In Pocahontas the antagonist is the exploiter, the disrupter of natural order,
and the destroyer, and male. In Hercules he is the manipulator and
manifestation of evil. In Mulan he is represented as the mindless horde of
destroyers. In frozen he is the liar, the cheater, the bully. In Aladdin it is
the mustache-twirling, eye-rolling, leering, and old man.

There is a small minority of Disney movies that have a female antagonist, but
they are all version of the same evil witch stereotype. Old, infertile,
predator of children.

So what does this teach children about social behavior and crime? What about
who deserve sympathy and who is redeemable? About conflict resolution and
handling of blame?

Disney movies aren't the best places if we want to avoid stereotypes, and that
include the newer movies like Frozen.

------
mercutio2
This is a good and interesting article, with which I largely agree (I impose
more extreme limitations on princess products than this author is calling for,
in fact).

But this statement, which the author implies is problematic:

"A successful public life interferes in a woman’s private life."

Just seems true, regardless of whether you replace woman with person.

Pretending all adults have limitless capacity to be SuperFamily while
simultaneously being SuperWorkerBee just seems silly.

As it happens, I tend to think The Kids Are Alright is a pretty good way of
thinking about family/work compromises; it's mostly about adult's preference
to be all things to all people, not about kids' needs.

In a way, I think this idea we're super accessible to kids even when working
hard actually can lead to worse parent child engagement. Really high quality
interactions often take planning, and if you're too busy beating yourself up
over missing bedtime, you don't take the time to plan that special activity.

------
wavefunction
Thank god. If ever I am lucky enough to have a daughter I hope to expose her
to the vivacious and remarkable women throughout history, be they scientists
or explorers or athletes.

The reality for most actual Princesses throughout history is depressing and
off-putting, and the fantasy is saccharine and irresponsible.

------
ctdonath
Another biased article completely failing to address the natural tendencies
toward "gender roles". Yes, maybe society tends to enforce them, but kids are
not blank slates waiting for gender assignment.

There's a difference between "back off the pink and guns" vs "respect natural
tendencies, and variations thereto".

------
DanBC
If you want good role models for girls the book _Good Night Stories for Rebel
Girls_ might be interesting.

[https://www.amazon.co.uk/Good-Night-Stories-Rebel-
Girls/dp/0...](https://www.amazon.co.uk/Good-Night-Stories-Rebel-
Girls/dp/014198600X)

------
lupinglade
Do most people really not realize this?

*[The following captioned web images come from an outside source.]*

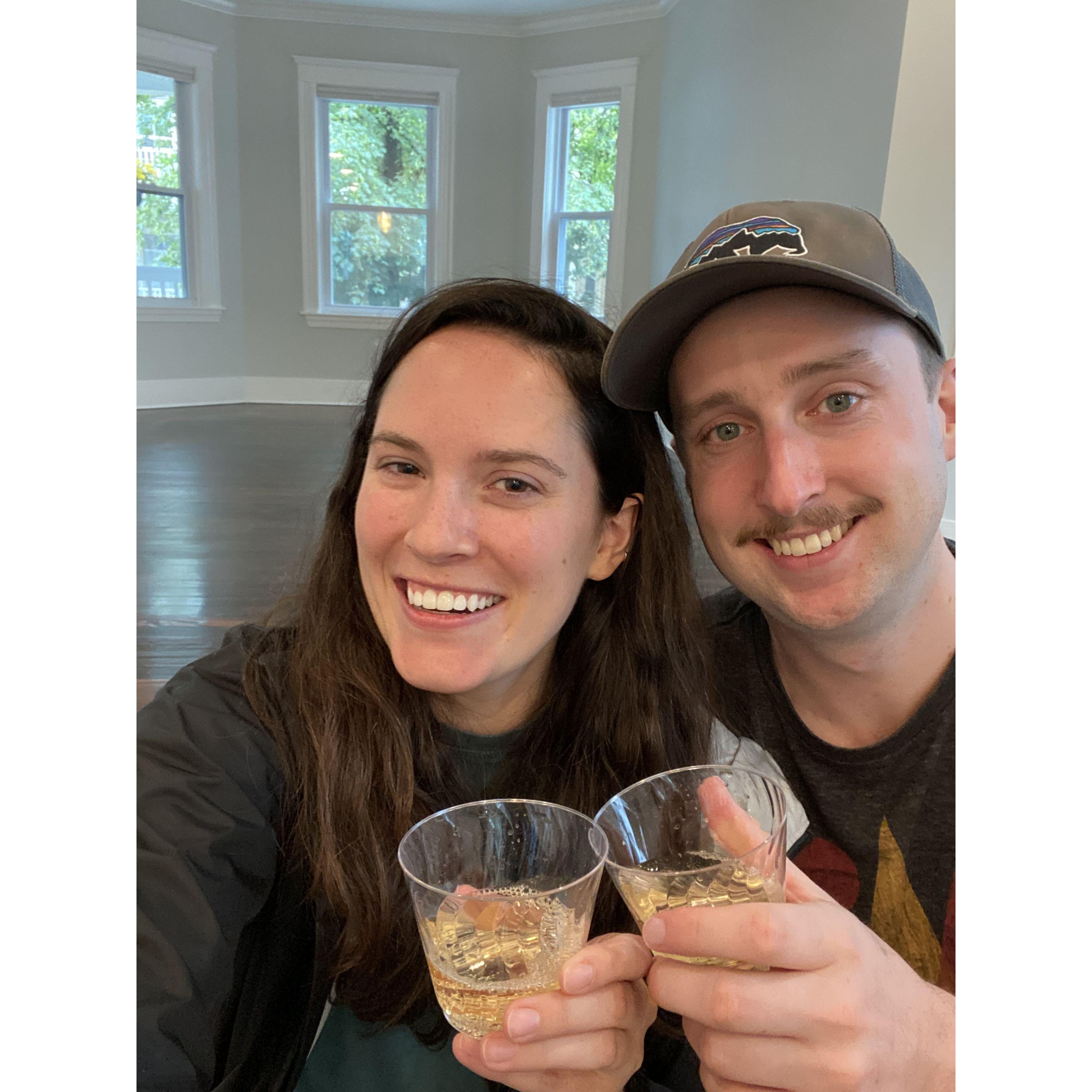 Homeowners 2021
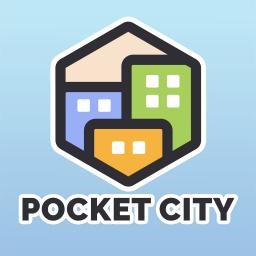 ⚡️ Pocket City Карманный город iPhone ios Appstore + 🎁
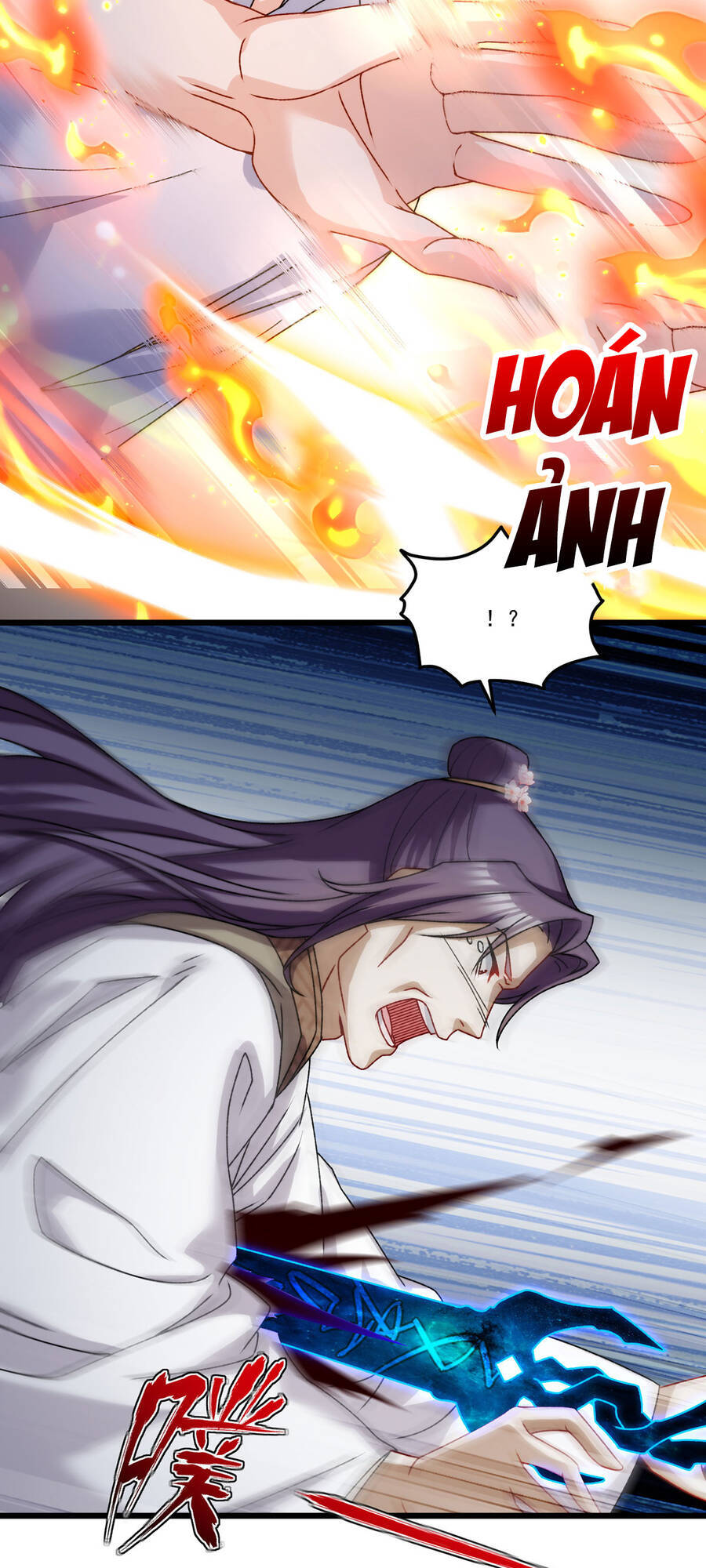 Tiên Tôn Lạc Vô Cực - Chương 151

Teach your kids to be human and
capable, not princesses and scared of everything.

------
easychewie
_1\. Leadership is male.

2\. Women are better leaders when they look and act like men.

3\. A successful public life interferes in a woman’s private life.

4\. When women get emotionally involved, they lose rational thought, and their
leadership capacity fails them._

I couldn't agree more.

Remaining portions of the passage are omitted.